== Problem requirements ==
Output the lines of the records from the one containing "Aquamarine gemstones diamond" through the last, both ends included. Leave pictures out.

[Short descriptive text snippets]
------------------------------------------------------------

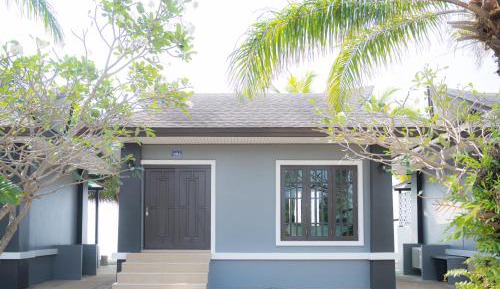 Bungalow with Sea View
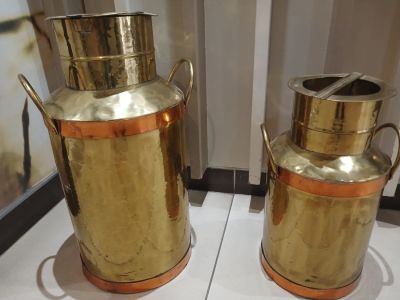 Large Brass & Copper Milk Can Reproductions - STC. A stunning pair of replica brass and copper 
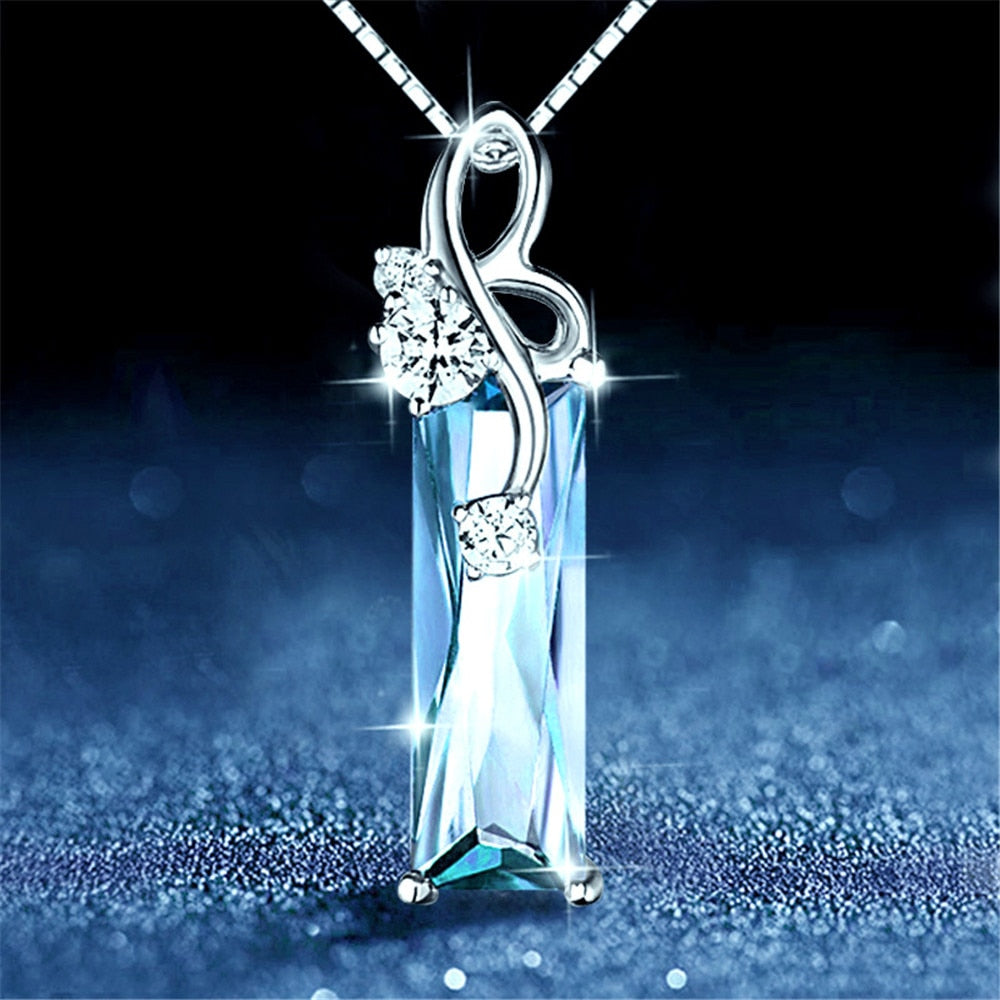 Aquamarine gemstones diamond pendant necklaces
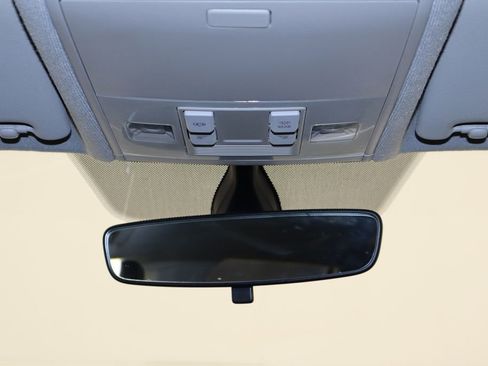 Used 2023 Volkswagen Tiguan S image 24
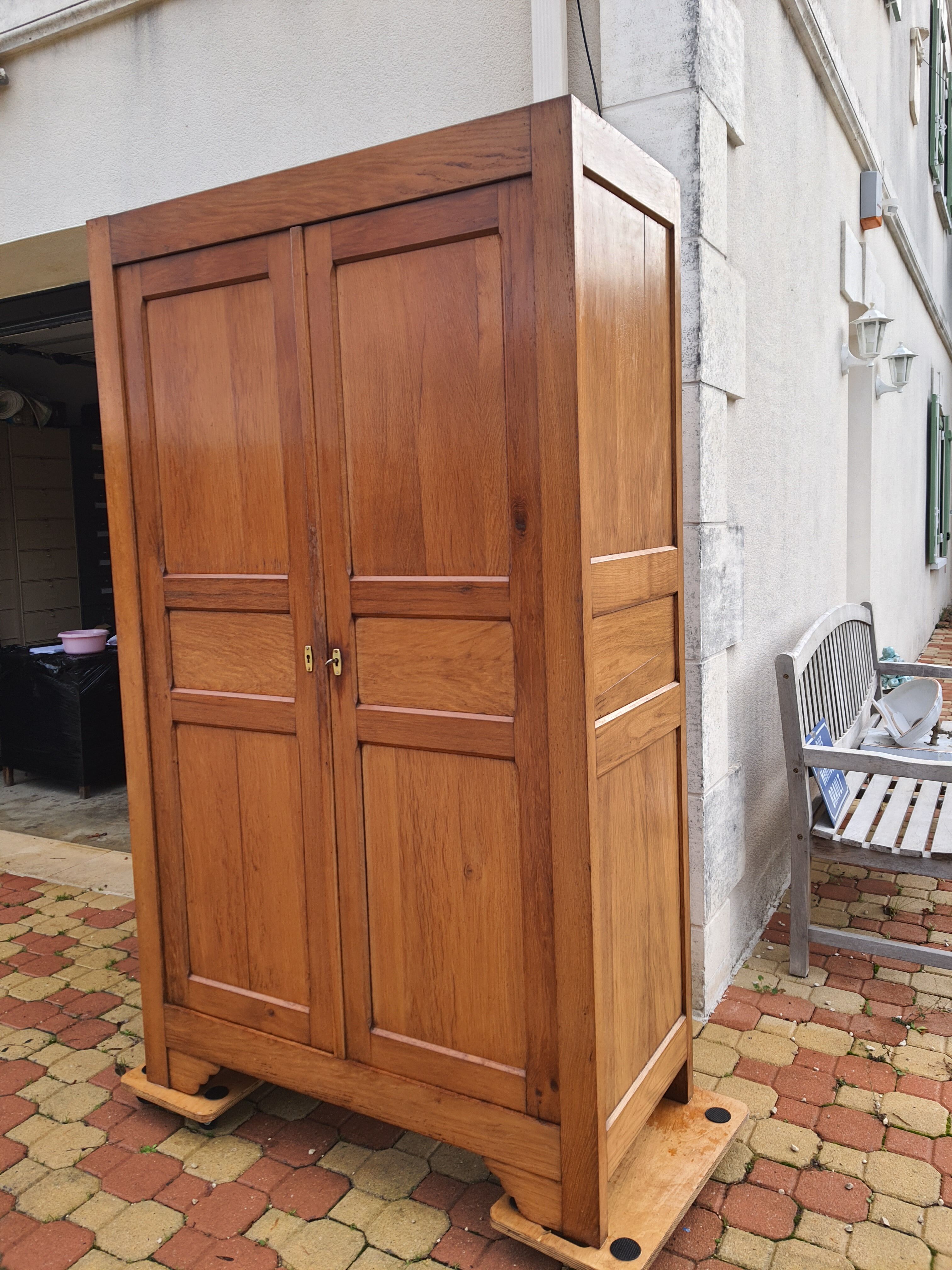 Vintage parisian wardrobe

------------------------------------------------------------

== Result below ==
 Aquamarine gemstones diamond pendant necklaces
 Used 2023 Volkswagen Tiguan S image 24
 Vintage parisian wardrobe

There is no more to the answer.